Academic background
- Alma mater: East Carolina University; Duke University School of Medicine;

Academic work
- Discipline: medicine
- Sub-discipline: oncology
- Institutions: Duke University Health System; UNC Lineberger Comprehensive Cancer Center; University of North Carolina at Chapel Hill;
- Main interests: brain metastasis

= Carey K. Anders =

American cancer researcher

Carey K. Anders is an American cancer researcher, professor of medicine and medical oncologist. She serves as director for the Duke Center for Brain and Spine Metastasis (DCBSM) in the School of Medicine at Duke University Health System.

Anders studies the genetic sequencing, prognosis and treatment of brain metastasis and its relationship to primary forms of cancer, in particular breast cancer. Patients with brain metastasis have traditionally been excluded from clinical trials. Anders' work has led to the development of novel therapies for those with brain metastases, including triple negative and HER2-positive breast cancer.
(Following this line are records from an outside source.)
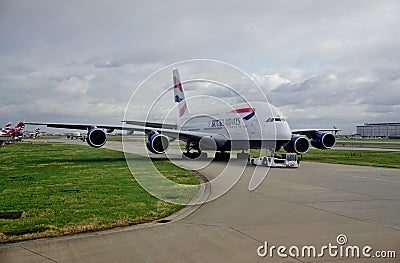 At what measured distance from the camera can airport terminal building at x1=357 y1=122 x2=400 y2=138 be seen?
545 feet

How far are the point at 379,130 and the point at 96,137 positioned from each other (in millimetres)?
173641

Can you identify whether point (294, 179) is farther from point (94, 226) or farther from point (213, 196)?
point (94, 226)

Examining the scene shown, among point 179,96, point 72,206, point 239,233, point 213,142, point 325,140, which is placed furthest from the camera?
point 179,96

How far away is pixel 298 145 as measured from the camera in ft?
87.0

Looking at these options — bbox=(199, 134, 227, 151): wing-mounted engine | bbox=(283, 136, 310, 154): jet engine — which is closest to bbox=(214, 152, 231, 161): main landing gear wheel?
bbox=(199, 134, 227, 151): wing-mounted engine

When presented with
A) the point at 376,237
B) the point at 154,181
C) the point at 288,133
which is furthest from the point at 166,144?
the point at 376,237

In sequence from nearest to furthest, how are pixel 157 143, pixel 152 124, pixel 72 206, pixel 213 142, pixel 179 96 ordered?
pixel 72 206 → pixel 157 143 → pixel 213 142 → pixel 152 124 → pixel 179 96

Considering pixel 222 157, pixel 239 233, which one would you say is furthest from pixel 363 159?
pixel 239 233

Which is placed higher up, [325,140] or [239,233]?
[325,140]

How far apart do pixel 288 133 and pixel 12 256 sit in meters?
18.6

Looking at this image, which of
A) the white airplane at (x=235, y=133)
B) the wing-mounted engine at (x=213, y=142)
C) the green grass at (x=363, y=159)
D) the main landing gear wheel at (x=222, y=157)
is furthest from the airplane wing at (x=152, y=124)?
the green grass at (x=363, y=159)

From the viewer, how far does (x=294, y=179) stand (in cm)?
1603

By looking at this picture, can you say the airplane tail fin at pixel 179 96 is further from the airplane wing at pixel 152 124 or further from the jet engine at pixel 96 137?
the jet engine at pixel 96 137

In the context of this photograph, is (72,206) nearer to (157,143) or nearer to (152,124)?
(157,143) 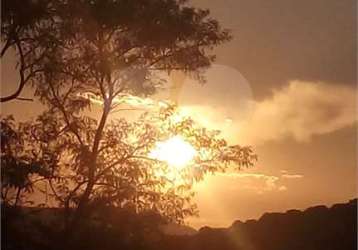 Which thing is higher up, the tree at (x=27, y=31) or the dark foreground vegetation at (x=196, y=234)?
the tree at (x=27, y=31)

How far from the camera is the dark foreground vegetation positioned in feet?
56.4

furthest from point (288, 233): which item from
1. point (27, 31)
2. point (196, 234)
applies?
point (27, 31)

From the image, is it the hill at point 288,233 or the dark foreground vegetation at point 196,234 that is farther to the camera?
the hill at point 288,233

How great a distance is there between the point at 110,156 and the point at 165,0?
4.30 meters

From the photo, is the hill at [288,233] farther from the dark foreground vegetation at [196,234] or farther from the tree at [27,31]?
the tree at [27,31]

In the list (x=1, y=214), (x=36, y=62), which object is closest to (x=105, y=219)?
(x=1, y=214)

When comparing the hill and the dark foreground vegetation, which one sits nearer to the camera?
the dark foreground vegetation

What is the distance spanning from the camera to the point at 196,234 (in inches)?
828

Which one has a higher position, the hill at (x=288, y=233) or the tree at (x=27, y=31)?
the tree at (x=27, y=31)

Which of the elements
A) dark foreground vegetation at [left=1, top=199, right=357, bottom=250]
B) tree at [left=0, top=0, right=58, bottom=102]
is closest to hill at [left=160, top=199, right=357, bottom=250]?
dark foreground vegetation at [left=1, top=199, right=357, bottom=250]

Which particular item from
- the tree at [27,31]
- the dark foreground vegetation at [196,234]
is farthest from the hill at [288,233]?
the tree at [27,31]

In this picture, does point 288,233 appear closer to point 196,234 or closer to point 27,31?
point 196,234

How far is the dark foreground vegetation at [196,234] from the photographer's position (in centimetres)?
1720

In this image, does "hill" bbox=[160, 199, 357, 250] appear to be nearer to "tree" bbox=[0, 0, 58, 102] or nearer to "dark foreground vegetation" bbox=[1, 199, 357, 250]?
"dark foreground vegetation" bbox=[1, 199, 357, 250] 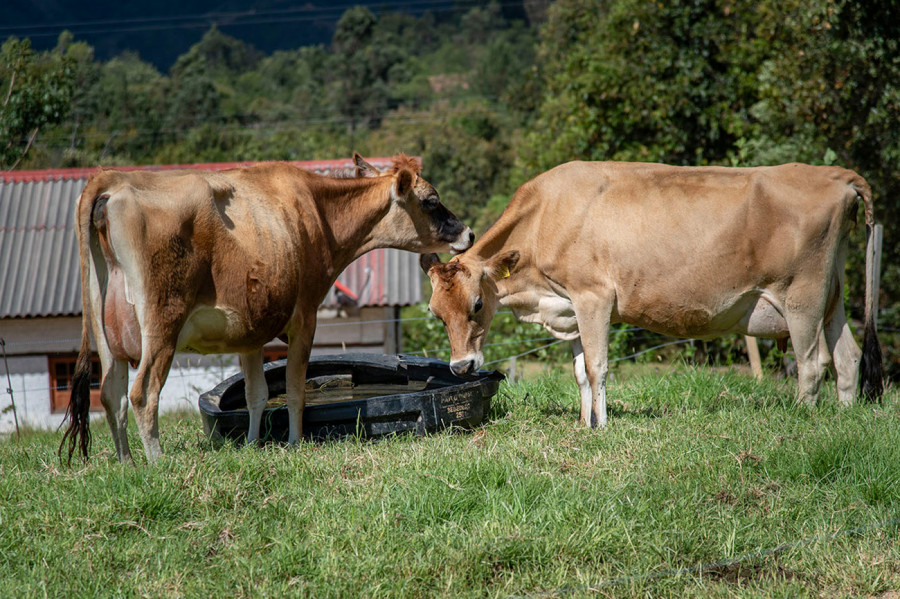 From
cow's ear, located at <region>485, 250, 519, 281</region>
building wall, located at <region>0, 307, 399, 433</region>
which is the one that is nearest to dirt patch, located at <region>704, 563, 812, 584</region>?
cow's ear, located at <region>485, 250, 519, 281</region>

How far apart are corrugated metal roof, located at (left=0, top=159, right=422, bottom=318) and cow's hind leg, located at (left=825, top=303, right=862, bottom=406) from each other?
9819mm

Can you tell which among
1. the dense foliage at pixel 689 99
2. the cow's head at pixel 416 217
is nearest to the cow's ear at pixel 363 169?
the cow's head at pixel 416 217

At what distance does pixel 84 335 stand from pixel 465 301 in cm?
285

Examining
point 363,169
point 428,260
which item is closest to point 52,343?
point 363,169

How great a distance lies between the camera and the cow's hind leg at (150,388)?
18.2 feet

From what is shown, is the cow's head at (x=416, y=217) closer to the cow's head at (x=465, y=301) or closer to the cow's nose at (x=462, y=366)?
the cow's head at (x=465, y=301)

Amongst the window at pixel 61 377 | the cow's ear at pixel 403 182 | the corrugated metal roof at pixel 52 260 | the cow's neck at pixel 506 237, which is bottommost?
the window at pixel 61 377

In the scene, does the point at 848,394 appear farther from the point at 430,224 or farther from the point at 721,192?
the point at 430,224

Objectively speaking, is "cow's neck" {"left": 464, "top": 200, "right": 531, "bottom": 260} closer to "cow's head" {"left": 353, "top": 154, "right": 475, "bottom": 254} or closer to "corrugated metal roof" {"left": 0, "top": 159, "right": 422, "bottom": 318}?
"cow's head" {"left": 353, "top": 154, "right": 475, "bottom": 254}

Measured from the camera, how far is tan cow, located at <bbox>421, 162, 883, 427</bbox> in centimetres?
672

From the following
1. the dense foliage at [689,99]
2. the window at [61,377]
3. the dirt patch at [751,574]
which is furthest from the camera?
the window at [61,377]

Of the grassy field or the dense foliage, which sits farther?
the dense foliage

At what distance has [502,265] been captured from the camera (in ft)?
23.9

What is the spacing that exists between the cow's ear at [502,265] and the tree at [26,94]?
945cm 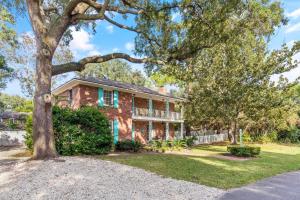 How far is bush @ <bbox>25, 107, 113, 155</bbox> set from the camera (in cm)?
1374

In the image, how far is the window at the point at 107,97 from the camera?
21.7 m

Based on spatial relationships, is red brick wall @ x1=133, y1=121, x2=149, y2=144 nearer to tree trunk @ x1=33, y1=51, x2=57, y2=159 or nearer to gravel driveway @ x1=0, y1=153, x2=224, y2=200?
tree trunk @ x1=33, y1=51, x2=57, y2=159

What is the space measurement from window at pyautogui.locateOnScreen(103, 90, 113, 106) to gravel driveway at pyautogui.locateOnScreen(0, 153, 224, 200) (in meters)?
12.5

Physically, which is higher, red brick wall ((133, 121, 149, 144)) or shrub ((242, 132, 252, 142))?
red brick wall ((133, 121, 149, 144))

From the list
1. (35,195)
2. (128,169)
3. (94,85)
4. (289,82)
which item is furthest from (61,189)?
(289,82)

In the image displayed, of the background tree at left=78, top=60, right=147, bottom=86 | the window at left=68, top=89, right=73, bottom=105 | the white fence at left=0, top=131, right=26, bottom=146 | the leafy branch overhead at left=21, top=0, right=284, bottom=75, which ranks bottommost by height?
the white fence at left=0, top=131, right=26, bottom=146

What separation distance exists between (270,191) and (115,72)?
47.1 m

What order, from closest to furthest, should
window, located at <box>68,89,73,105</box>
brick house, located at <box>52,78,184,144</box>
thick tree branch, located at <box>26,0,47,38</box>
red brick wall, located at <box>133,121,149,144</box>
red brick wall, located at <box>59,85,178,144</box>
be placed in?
thick tree branch, located at <box>26,0,47,38</box> < red brick wall, located at <box>59,85,178,144</box> < brick house, located at <box>52,78,184,144</box> < window, located at <box>68,89,73,105</box> < red brick wall, located at <box>133,121,149,144</box>

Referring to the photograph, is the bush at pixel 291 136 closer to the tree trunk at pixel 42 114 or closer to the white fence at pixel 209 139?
the white fence at pixel 209 139

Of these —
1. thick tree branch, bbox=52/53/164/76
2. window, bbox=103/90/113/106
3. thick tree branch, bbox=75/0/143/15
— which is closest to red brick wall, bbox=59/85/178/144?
window, bbox=103/90/113/106

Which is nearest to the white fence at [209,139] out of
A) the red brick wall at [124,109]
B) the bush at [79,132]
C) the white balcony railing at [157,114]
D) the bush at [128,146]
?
the white balcony railing at [157,114]

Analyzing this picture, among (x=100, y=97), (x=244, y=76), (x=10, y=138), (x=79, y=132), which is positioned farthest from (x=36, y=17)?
(x=10, y=138)

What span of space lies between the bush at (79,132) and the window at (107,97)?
611 centimetres

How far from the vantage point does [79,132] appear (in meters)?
14.4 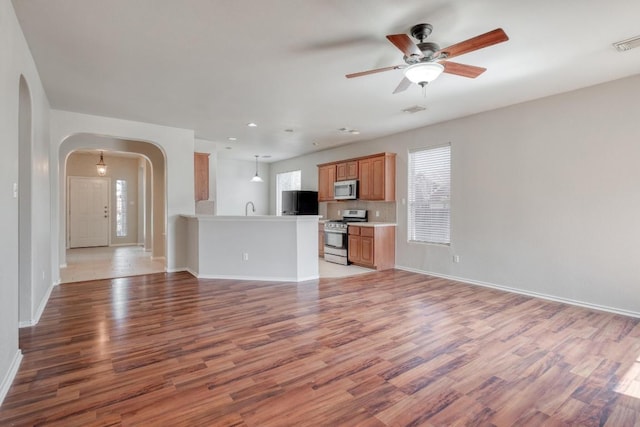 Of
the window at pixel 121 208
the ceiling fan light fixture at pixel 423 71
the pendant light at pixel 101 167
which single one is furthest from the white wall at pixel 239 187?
the ceiling fan light fixture at pixel 423 71

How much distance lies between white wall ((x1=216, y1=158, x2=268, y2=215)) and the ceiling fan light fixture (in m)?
7.66

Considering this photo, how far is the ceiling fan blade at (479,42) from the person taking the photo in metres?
2.22

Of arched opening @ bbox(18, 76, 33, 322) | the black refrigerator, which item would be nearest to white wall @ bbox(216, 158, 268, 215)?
the black refrigerator

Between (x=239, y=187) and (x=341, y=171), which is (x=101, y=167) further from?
(x=341, y=171)

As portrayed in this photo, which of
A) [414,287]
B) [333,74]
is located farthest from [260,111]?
[414,287]

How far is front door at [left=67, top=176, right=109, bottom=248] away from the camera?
927 centimetres

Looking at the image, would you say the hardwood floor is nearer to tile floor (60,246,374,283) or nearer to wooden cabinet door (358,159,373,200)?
tile floor (60,246,374,283)

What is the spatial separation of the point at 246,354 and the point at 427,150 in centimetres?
476

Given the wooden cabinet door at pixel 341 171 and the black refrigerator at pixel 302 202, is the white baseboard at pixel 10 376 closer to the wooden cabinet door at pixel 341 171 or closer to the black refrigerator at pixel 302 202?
the wooden cabinet door at pixel 341 171

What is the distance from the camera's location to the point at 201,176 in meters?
7.14

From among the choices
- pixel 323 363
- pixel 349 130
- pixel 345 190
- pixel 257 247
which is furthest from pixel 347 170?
pixel 323 363

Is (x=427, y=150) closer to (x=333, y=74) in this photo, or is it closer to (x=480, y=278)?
(x=480, y=278)

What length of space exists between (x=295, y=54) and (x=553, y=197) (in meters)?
3.71

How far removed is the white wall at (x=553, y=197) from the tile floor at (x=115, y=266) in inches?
71.5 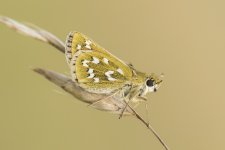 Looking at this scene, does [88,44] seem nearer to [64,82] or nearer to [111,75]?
[111,75]

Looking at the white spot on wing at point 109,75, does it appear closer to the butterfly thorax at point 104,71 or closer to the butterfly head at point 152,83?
the butterfly thorax at point 104,71

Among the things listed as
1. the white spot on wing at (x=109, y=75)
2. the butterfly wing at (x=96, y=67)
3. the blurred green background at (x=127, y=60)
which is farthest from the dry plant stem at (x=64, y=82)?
the blurred green background at (x=127, y=60)

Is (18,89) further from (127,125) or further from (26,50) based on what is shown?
(127,125)

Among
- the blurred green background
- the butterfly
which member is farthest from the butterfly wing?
the blurred green background

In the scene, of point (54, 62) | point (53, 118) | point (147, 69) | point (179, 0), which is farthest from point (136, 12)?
point (53, 118)

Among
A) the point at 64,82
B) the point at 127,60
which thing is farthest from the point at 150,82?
the point at 127,60

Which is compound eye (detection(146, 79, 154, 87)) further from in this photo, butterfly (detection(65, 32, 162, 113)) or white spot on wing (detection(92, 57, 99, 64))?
white spot on wing (detection(92, 57, 99, 64)) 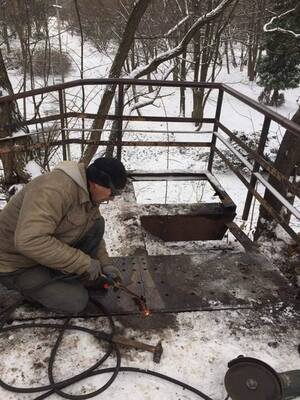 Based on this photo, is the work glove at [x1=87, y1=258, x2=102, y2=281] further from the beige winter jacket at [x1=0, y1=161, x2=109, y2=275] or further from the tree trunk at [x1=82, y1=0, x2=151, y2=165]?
the tree trunk at [x1=82, y1=0, x2=151, y2=165]

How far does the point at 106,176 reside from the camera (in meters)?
2.40

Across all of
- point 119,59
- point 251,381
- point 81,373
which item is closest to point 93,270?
point 81,373

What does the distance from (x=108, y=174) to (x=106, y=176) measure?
0.06ft

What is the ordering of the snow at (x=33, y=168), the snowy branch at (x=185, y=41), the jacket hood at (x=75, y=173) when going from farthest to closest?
the snowy branch at (x=185, y=41) → the snow at (x=33, y=168) → the jacket hood at (x=75, y=173)

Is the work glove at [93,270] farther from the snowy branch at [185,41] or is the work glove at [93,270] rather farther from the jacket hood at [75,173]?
the snowy branch at [185,41]

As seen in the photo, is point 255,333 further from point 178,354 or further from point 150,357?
point 150,357

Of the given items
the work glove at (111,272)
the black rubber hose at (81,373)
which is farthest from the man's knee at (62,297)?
the work glove at (111,272)

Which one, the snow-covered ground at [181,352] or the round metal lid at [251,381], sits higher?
the round metal lid at [251,381]

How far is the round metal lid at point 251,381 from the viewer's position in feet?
7.33

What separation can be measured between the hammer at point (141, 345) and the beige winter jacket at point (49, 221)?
0.54 m

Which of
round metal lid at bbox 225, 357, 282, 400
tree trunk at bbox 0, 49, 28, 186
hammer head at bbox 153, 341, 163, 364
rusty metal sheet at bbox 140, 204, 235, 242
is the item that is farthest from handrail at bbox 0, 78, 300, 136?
hammer head at bbox 153, 341, 163, 364

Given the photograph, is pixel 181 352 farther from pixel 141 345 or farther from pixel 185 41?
pixel 185 41

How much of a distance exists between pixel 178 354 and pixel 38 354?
3.17 feet

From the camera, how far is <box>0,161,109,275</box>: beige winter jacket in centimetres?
234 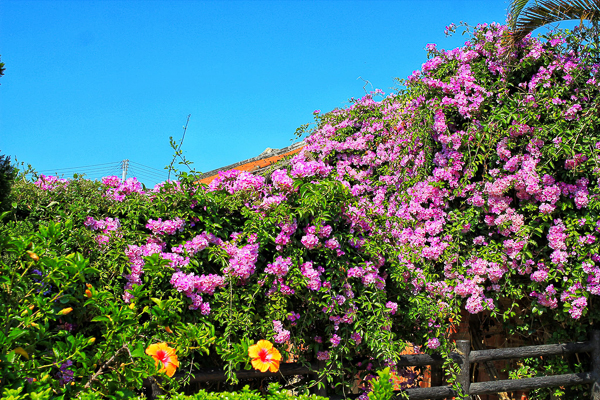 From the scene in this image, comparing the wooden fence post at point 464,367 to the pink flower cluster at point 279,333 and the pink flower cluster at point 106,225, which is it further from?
the pink flower cluster at point 106,225

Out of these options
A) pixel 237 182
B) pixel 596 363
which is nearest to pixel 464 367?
pixel 596 363

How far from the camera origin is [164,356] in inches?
118

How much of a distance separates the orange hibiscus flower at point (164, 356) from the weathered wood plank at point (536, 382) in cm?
306

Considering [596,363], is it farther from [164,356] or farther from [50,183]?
[50,183]

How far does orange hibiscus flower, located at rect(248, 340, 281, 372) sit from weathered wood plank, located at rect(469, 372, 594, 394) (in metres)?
2.37

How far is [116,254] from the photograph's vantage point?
3344mm

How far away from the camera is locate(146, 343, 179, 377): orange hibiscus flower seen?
9.71 ft

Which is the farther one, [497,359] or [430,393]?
[497,359]

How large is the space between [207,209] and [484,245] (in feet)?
9.26

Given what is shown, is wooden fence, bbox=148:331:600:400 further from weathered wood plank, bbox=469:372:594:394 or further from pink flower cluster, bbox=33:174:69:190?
pink flower cluster, bbox=33:174:69:190

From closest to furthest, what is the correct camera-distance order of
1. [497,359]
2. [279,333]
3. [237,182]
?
1. [279,333]
2. [237,182]
3. [497,359]

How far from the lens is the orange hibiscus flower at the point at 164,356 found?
117 inches

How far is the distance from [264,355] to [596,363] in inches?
143

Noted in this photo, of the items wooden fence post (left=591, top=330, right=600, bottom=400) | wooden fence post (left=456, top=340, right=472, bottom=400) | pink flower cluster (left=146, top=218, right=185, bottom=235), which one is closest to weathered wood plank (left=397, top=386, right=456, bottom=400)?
wooden fence post (left=456, top=340, right=472, bottom=400) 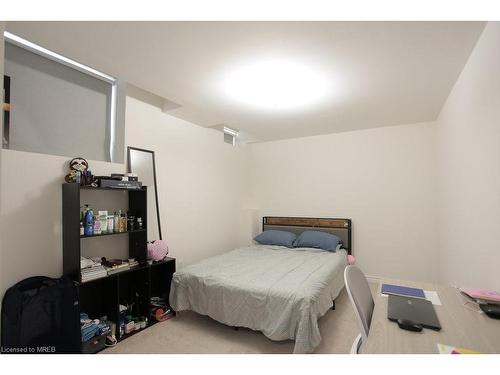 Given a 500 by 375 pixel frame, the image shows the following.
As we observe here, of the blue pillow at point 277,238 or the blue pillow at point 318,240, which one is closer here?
the blue pillow at point 318,240

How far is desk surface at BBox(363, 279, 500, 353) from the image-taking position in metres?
1.00

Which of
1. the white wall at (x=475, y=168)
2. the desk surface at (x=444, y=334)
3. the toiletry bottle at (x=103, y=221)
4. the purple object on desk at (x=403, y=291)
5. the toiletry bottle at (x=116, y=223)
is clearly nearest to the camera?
the desk surface at (x=444, y=334)

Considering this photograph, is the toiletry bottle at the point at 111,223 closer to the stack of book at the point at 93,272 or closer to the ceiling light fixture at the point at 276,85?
the stack of book at the point at 93,272

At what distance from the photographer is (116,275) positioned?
89.8 inches

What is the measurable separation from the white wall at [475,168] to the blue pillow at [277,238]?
6.33ft

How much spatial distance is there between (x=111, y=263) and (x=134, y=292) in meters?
0.46

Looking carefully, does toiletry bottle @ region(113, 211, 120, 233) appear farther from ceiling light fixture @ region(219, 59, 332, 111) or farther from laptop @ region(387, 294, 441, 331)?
laptop @ region(387, 294, 441, 331)

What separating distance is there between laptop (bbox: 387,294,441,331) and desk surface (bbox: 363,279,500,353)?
0.03 meters

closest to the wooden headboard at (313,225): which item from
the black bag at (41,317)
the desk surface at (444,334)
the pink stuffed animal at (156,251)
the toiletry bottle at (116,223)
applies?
the pink stuffed animal at (156,251)

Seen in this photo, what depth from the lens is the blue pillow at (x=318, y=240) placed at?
3.62 metres

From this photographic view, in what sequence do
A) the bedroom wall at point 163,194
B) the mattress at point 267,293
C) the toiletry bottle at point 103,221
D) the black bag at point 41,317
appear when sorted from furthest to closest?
the toiletry bottle at point 103,221 → the mattress at point 267,293 → the bedroom wall at point 163,194 → the black bag at point 41,317

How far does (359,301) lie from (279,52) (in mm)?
1702

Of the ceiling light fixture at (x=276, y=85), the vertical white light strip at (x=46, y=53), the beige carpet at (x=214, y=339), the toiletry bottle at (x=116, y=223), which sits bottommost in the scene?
the beige carpet at (x=214, y=339)

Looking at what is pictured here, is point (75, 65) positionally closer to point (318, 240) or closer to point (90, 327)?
point (90, 327) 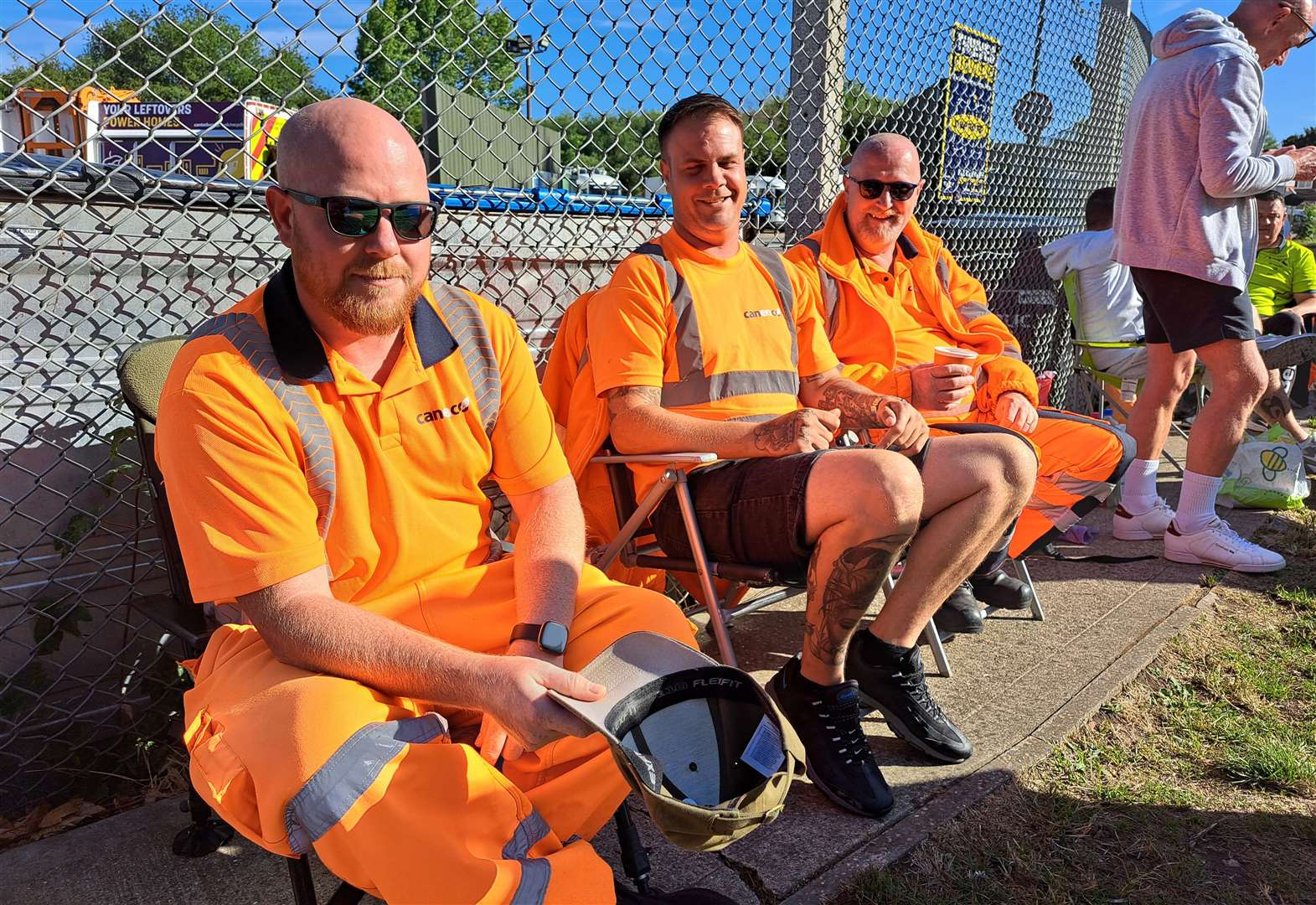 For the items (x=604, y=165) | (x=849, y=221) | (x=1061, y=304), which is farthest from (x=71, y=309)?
(x=1061, y=304)

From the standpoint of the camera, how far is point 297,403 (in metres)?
1.79

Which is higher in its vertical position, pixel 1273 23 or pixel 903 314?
pixel 1273 23

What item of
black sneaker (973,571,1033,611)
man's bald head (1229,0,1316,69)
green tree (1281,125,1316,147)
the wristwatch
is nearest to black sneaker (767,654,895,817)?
the wristwatch

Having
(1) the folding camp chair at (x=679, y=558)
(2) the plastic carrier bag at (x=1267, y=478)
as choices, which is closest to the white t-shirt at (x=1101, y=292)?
(2) the plastic carrier bag at (x=1267, y=478)

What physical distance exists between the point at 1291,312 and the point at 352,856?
682 cm

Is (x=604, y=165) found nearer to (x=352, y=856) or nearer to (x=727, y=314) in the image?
(x=727, y=314)

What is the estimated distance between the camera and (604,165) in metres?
3.48

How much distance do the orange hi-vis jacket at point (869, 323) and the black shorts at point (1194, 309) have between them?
3.45ft

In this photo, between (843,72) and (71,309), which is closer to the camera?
(71,309)

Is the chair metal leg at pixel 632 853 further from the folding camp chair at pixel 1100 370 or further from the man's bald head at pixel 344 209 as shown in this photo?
the folding camp chair at pixel 1100 370

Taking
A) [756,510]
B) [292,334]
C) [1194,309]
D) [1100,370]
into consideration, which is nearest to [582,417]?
[756,510]

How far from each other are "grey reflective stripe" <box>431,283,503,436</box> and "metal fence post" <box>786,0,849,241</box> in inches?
93.0

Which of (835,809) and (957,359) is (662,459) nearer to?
(835,809)

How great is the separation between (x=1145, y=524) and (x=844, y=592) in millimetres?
2979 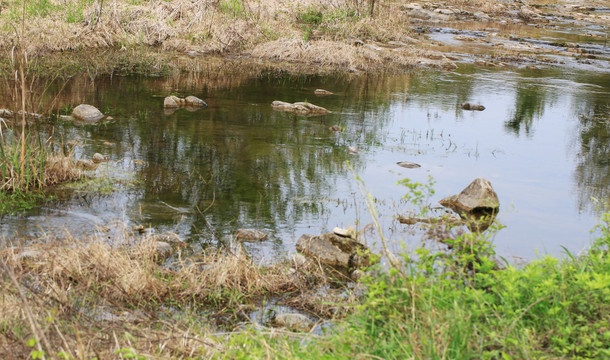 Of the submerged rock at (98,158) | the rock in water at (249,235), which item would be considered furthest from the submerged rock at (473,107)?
the rock in water at (249,235)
Anders is a Fellow of the American Society of Clinical Oncology and an inaugural co-recipient of the Weatherspoon Family Brain Tumor Research Award. In 2021, her work was recognized by the American Society of Clinical Oncology as an important advance in clinical progress against cancer.

==Early life and education==
Carey Kernodle Anders is a daughter of Harold B. Kernodle, Jr., an orthopedic surgeon, and Lucy Hendrick Kernodle, a registered nurse. The couple lived in Graham, North Carolina, and worked in Burlington, North Carolina.

Kernodle received her M.D. from the Brody School of Medicine at East Carolina University in 2002. She then held an Internal Medicine Residency at the Duke University School of Medicine from 2002 to 2005, followed by a Hematololgy-Oncology Fellowship from 2005 to 2008.

==Career==
In 2008 Anders joined the School of Medicine of the University of North Carolina at Chapel Hill, where she worked with the UNC Lineberger Comprehensive Cancer Center. In 2012, Anders helped to found the UNC Brain Metastases Specialty Clinic, becoming a co-director. She has served as medical director of the UNC Breast Center and as an associate professor at UNC's School of Medicine in the Division of Hematology/Oncology.

In January 2019, Anders returned to the School of Medicine at Duke University Health System as a Translating Duke Health Scholar, a professor of medicine, and the Medical Director for the Duke Center for Brain and Spine Metastasis (DCBSM). In addition to being Medical Director, Anders served as Chief of the Division of Medical Oncology from 2021 to 2025. In 2025, Anders was promoted from Co-Director of DCBSM to became the Director of DCBSM.

==Research==

Anders studies the prognosis and treatment of brain metastasis from breast cancer. She sequences genes from banked brain tumors to better understand the genetics of metastases related to different primary cancers. She examines the effectiveness of treatments for patients with brain metastasis, a population that has been traditionally excluded from clinical trials. Anders' work has led to the development of novel therapies for those with brain metastases.

==Awards and honors==
- 2011, Weatherspoon Family Brain Tumor Research Award
- 2011, Breast Cancer Research Foundation-AACR Grant for Translational Breast Cancer Research
- 2012, Clinical Investigator Award, Damon Runyon Cancer Research Foundation.
- 2016, Advanced Clinical Research Award (ACRA) in Breast Cancer, Conquer Cancer Foundation
- 2018-2019, Leadership Development Program, American Society of Clinical Oncology
- 2021, Clinical Cancer Advances, American Society of Clinical Oncology
- 2021, Women in Leadership Nominee, Women Leaders in Oncology
- 2023, Fellow, American Society of Clinical Oncology
- 2024, Chair's Commitment to Excellence Award, Duke University

==Selected publications==
- Anders, CK (2008). "Young age at diagnosis correlates with worse prognosis and defines a subset of breast cancers with shared patterns of gene expression."
- Anders, CK (2009). "Breast cancer before age 40 years."
- Anders, CK (2009). "Biology, metastatic patterns, and treatment of patients with triple-negative breast cancer."
- Achrol, AS (2019). "Brain metastases."
- Murthy, RK (2020). "Tucatinib, Trastuzumab, and Capecitabine for HER2-Positive Metastatic Breast Cancer."
- Ramakrishna, Naren (2022). "Management of Advanced Human Epidermal Growth Factor Receptor 2–Positive Breast Cancer and Brain Metastases: ASCO Guideline Update"
- Zimmer, AS (2022). "HER2-positive breast cancer brain metastasis: A new and exciting landscape."
- Kaufman, PA (2023). "Real-world patient characteristics, treatment patterns, and clinical outcomes associated with tucatinib therapy in HER2-positive metastatic breast cancer."